In einem Winter unternahm ich eine lange Reise nach Polen, um meine Cousine in Kattowitz, einer Industriestadt mit Kohlenbergbau, zu besuchen. Es war sehr kalt dort und alles grau von dem Ruß. In den Straßen sah man oft Betrunkene. Eine Frau brach im Bahnhof zusammen, anscheinend drogensüchtig.
Ich war total gefrustet und ich sehnte mich danach, Gottes Macht Macht und Gegenwart zu spüren. In der Bibel wird uns verheißen: „Spräche ich: Finsternis möge mich decken und Nacht statt Licht um mich sein —, so wäre auch Finsternis nicht finster bei dir ...” (Ps 139:11, 12). Ich betete ständig, um das Licht zu sehen.
Meine Cousine und ich hatten vereinbart, uns an einem Abend in einer beliebten Bar in der Nähe ihrer Schule zu treffen.
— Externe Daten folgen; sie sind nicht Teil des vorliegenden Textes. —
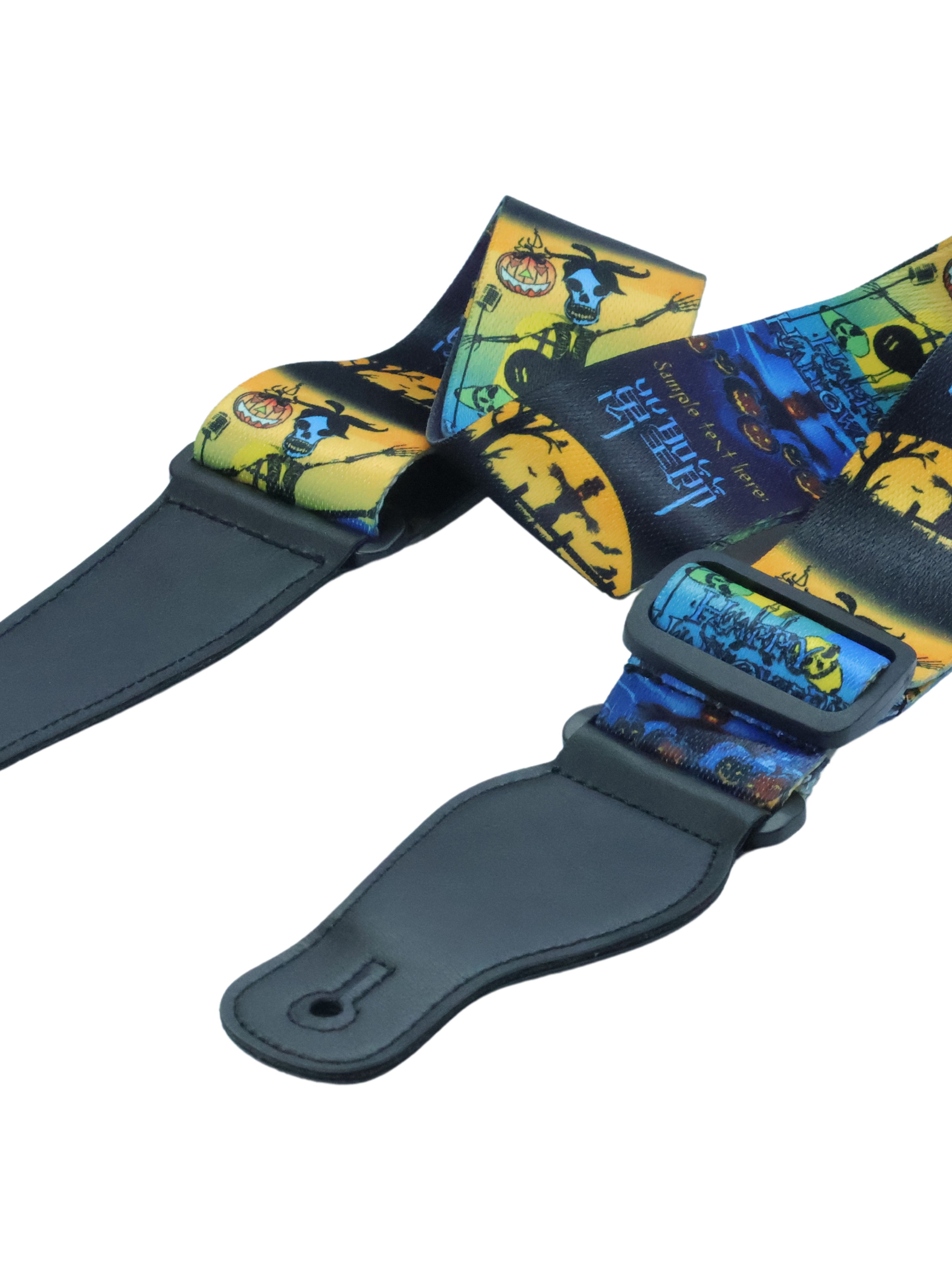 Guitar Strap Halloween Themed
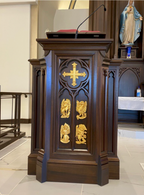 Holy Redeemer Catholic Church -Mahagony  Complete Sanctuary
Ich musste einige Stunden auf sie warten und da ich keine Lust hatte, in der eisigen Kälte auf der Straße herumzulaufen, ging ich hinein.
Die Atmosphäre war total schrecklich. Rechts und links von mir holten sich die Leute ein Bier nach dem anderen, während sich draußen die Betrunkenen übergaben. Ich bekam Kopfschmerzen.
Als ich so an der Bar saß, schlug ich meine kleine Reisebibel auf, um dort etwas Hilfreiches zu finden. Mein Blick fiel auf eins von Jesu Gleichnissen. Es berichtet von zwei Männern, die in den Tempel gingen, um zu beten. Der eine ist rechtschaffen, aber arrogant, der andere grobklotzig, aber demütig. Ersterer sagt: „Ich danke dir, Gott, dass ich nicht bin wie die andern Leute ...” (LK 18:11). Letzterer spricht ganz inniglich mit Gott, ohne sich mit anderen zu vergleichen.
Ich merkte, dass ich mich wie der stolze Mann in dieser Geschichte verhielt — dass die Neigung über andere zu urteilen aus meinem Gebet verschwinden musste. Das war ein erster Lichtstrahl!
Der göttliche Schöpfer hatte keine Betrunkenen oder Drogensüchtigen, sondern nur reine Menschen geschaffen. Er ermöglichte jedem, klar zu denken. „Das echte Selbst des Menschen wird nur in dem erkannt, was gut und wahr ist” (Wissenschaft und Gesundheit, S. 294).
Als ich das las, verlor alles, was die Leute um mich her taten, an Bedeutung: Es hatte ja nichts mit dem zu tun, was sie wirklich waren! Ich begriff, wie die Schöpfung aussah, die Gott geschaffen hatte: geistig und makellos wie Er selbst. Das war echt cool. Es befreite mich von den Kopfschmerzen und der Traurigkeit. Es erfüllte mich mit Liebe zu den Menschen um mich her.
Dann sah ich jemanden, den ich von der Schule meiner Cousine her kannte. Ich sprach ihn an und spürte dabei eine tiefe Freude, wie Gott sie für jeden von uns — Seine Kinder — empfinden muss. Es war egal, was andere Leute taten; ich versuchte nur Gottes Güte und Liebe zu sehen. Und die sah ich.